Au temps des Romains, la production agricole fluctuait énormément, en particulier dans le cas des céréales qui constituaient la base de l’alimentation.
La gestion de crises alimentaires (pluies, insectes…) avait conduit à la diversification des céréales cultivées : choix d’espèces plus résistantes comme le seigle, et alternance des cultures. Rome alla même jusqu’à lever un impôt pour assurer le ravitaillement en blé. Voilà pour le pain ou la galette. Mais qu’est-ce qu’on met dedans ? De la bonne charcute produite par les Gaulois, tiens ! Dans la foulée, on va remplir les cales des liburnes avec une sorte de cidre fait avec les pommes sauvages. Et … what else ? Et bien du garum, pardi ! Fabriqué par nos ancêtres des côtes de la péninsule armoricaine, à partir du sel de l’océan.

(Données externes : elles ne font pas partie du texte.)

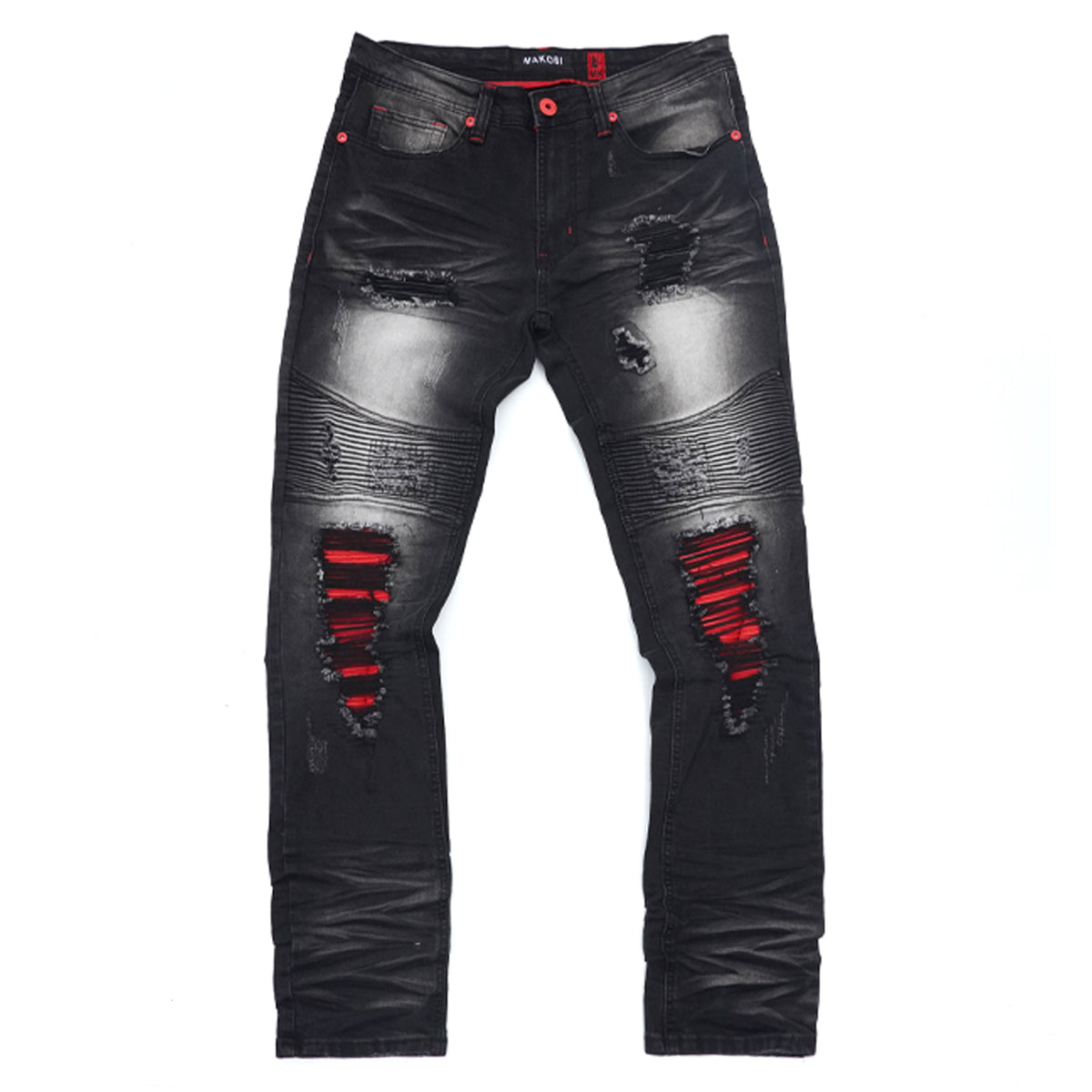 Makobi M1940 Naxos Biker Jeans- Black Wash/Red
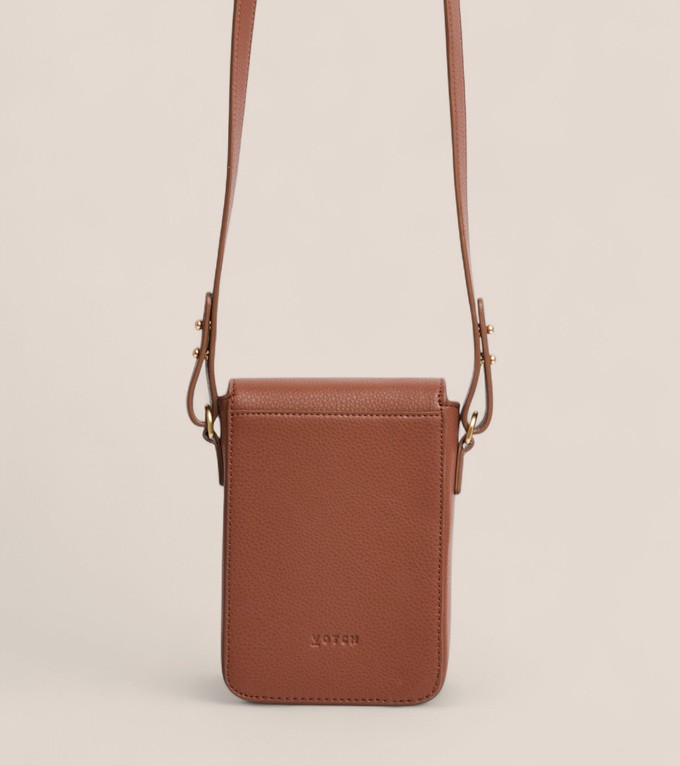 Luna Compact Vegan Bio-Based Bamboo Phone Bag in Brown from Votch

J’ai découvert cette sorte de Nuoc-mam celtique un jour de balade sur les rochers de Saint-Servan avec une archéologue. Là où je ne voyais que de gros trous dans le roc, elle m’expliqua qu’ils étaient destinés à la production de garum. En fait, j’avais vaguement lu quelque chose dans le livre de Louis Le Cunff, Cuisine et gastronomie de Bretagne. Je m’y suis donc replongée. En voici cet extrait :
« Là où est le sel, il y a la vie. L’homme en a besoin pour survivre, de 4 à 5 grammes par jour. (….). Heureux donc les peuples qui possédaient le sel. Les habitants de l’Armorique furent à cet égard des privilégiés. (…)
Leurs réserves étaient inépuisables, puisque c’était la mer qui le leur apportait (…). Tout au long du littoral de Bretagne, on a retrouvé les vestiges des installations grâce auxquelles nos ancêtres extrayaient le sel de l’océan.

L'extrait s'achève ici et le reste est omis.